╭─ Provided information

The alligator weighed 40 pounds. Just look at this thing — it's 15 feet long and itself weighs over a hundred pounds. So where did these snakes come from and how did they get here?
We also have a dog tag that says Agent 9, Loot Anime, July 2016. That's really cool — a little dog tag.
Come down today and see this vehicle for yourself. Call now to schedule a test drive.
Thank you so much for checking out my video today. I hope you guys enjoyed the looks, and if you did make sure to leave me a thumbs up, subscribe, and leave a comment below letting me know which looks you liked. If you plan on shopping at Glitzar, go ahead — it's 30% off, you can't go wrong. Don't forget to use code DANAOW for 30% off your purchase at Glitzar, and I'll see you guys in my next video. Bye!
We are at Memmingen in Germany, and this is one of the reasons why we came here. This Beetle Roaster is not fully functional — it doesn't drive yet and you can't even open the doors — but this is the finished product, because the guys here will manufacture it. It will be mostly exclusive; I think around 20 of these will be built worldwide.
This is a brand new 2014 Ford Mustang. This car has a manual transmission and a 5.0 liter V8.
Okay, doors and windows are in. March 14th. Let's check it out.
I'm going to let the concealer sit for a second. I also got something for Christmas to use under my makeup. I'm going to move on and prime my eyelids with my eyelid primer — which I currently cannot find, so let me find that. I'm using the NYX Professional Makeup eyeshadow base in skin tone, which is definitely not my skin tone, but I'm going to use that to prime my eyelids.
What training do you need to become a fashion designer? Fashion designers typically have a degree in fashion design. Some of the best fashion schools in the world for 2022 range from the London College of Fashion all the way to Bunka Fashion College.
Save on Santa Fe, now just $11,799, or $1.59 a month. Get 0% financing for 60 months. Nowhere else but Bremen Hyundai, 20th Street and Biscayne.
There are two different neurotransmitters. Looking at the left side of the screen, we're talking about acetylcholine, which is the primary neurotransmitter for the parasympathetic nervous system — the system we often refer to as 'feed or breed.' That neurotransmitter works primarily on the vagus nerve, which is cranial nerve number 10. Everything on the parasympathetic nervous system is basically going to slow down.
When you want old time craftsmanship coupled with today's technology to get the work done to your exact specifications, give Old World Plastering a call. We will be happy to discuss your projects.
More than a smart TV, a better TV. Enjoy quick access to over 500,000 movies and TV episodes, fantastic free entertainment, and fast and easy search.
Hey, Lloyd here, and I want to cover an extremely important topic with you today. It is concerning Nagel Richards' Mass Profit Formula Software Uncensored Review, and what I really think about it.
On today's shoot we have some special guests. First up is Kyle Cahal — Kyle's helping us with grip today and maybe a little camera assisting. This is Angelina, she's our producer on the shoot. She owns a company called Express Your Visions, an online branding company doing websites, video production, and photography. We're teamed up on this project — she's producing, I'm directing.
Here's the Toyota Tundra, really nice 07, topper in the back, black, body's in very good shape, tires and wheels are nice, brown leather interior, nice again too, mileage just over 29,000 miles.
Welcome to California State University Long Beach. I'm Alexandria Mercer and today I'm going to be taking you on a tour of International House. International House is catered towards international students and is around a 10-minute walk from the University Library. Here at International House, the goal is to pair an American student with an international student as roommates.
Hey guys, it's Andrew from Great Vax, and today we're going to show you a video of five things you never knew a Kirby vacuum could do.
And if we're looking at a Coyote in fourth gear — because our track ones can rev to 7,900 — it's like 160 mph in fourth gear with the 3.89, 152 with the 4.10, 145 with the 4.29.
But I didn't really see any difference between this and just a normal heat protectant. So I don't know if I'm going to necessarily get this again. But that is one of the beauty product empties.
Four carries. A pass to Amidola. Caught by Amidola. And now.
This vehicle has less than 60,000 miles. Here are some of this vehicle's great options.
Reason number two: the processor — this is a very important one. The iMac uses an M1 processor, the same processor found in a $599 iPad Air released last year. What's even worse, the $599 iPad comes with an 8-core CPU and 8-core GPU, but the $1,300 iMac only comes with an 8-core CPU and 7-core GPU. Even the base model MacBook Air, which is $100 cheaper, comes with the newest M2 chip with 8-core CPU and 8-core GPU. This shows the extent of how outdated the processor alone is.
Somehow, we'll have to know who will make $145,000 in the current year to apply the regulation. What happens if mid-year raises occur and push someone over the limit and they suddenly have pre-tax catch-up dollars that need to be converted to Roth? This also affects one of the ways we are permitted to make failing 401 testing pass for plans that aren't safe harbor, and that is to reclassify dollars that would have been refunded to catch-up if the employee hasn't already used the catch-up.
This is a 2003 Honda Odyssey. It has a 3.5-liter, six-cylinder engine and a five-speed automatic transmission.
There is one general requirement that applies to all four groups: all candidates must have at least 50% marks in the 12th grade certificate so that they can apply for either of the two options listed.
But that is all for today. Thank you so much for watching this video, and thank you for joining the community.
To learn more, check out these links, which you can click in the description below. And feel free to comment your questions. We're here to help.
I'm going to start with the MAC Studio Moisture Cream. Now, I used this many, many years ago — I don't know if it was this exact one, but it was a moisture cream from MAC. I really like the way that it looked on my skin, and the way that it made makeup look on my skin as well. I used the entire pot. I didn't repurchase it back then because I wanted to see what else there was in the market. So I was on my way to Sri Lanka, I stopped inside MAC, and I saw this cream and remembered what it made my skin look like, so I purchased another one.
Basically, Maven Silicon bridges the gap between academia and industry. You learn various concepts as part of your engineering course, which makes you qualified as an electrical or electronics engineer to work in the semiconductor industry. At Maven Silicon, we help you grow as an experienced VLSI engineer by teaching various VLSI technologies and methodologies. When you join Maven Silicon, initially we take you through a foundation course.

╰─

■ The task:
Your answer should be the lines above from the one containing "Okay, doors and" through the one containing "Hey, Lloyd here, and", copied exactly and with both ends kept.

■ The completed task:
Okay, doors and windows are in. March 14th. Let's check it out.
I'm going to let the concealer sit for a second. I also got something for Christmas to use under my makeup. I'm going to move on and prime my eyelids with my eyelid primer — which I currently cannot find, so let me find that. I'm using the NYX Professional Makeup eyeshadow base in skin tone, which is definitely not my skin tone, but I'm going to use that to prime my eyelids.
What training do you need to become a fashion designer? Fashion designers typically have a degree in fashion design. Some of the best fashion schools in the world for 2022 range from the London College of Fashion all the way to Bunka Fashion College.
Save on Santa Fe, now just $11,799, or $1.59 a month. Get 0% financing for 60 months. Nowhere else but Bremen Hyundai, 20th Street and Biscayne.
There are two different neurotransmitters. Looking at the left side of the screen, we're talking about acetylcholine, which is the primary neurotransmitter for the parasympathetic nervous system — the system we often refer to as 'feed or breed.' That neurotransmitter works primarily on the vagus nerve, which is cranial nerve number 10. Everything on the parasympathetic nervous system is basically going to slow down.
When you want old time craftsmanship coupled with today's technology to get the work done to your exact specifications, give Old World Plastering a call. We will be happy to discuss your projects.
More than a smart TV, a better TV. Enjoy quick access to over 500,000 movies and TV episodes, fantastic free entertainment, and fast and easy search.
Hey, Lloyd here, and I want to cover an extremely important topic with you today. It is concerning Nagel Richards' Mass Profit Formula Software Uncensored Review, and what I really think about it.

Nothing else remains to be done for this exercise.